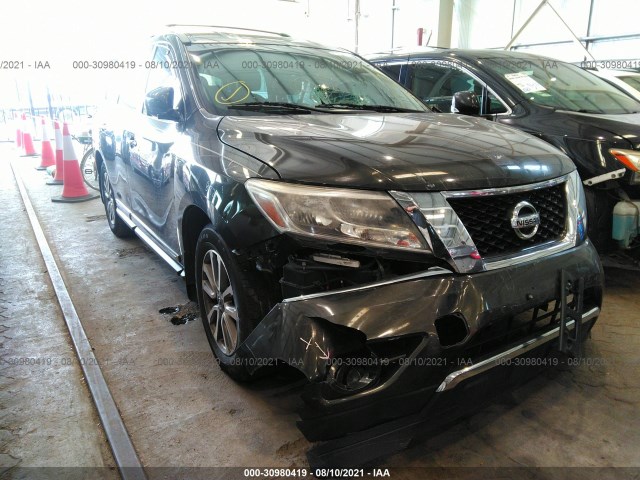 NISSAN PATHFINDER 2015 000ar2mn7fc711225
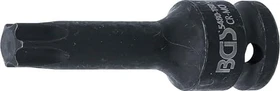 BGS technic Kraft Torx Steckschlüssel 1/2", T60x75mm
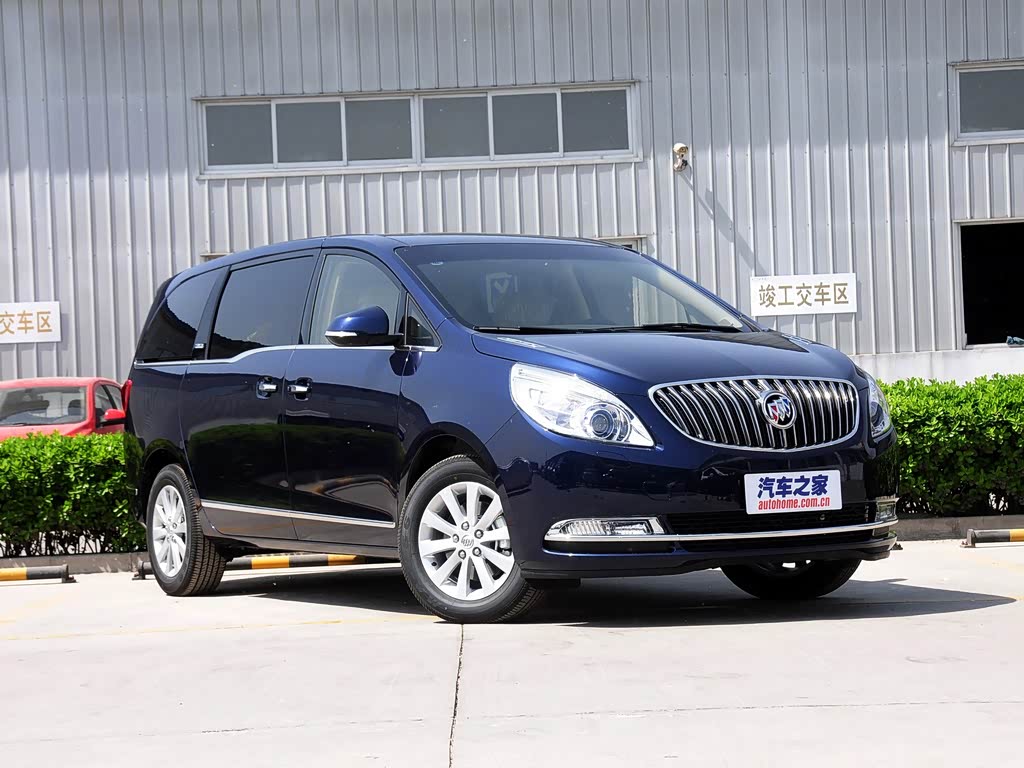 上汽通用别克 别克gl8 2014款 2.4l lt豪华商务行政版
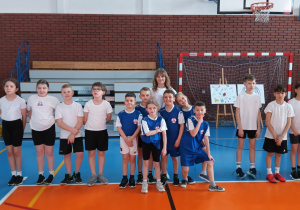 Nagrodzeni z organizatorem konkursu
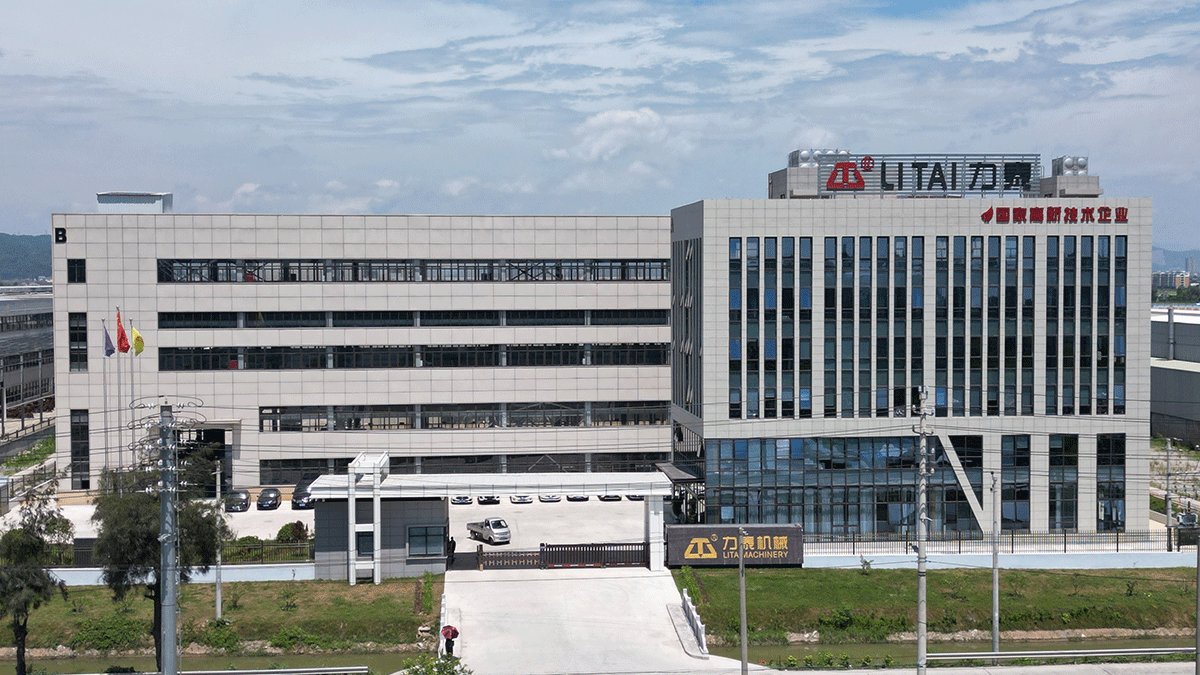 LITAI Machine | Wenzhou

################

■ WHAT TO PRODUCE
Reproduce the listing verbatim, pictures excluded.

■ WRITTEN RESPONSE
 NISSAN PATHFINDER 2015 000ar2mn7fc711225
 BGS technic Kraft Torx Steckschlüssel 1/2", T60x75mm
 上汽通用别克 别克gl8 2014款 2.4l lt豪华商务行政版
 Nagrodzeni z organizatorem konkursu
 LITAI Machine | Wenzhou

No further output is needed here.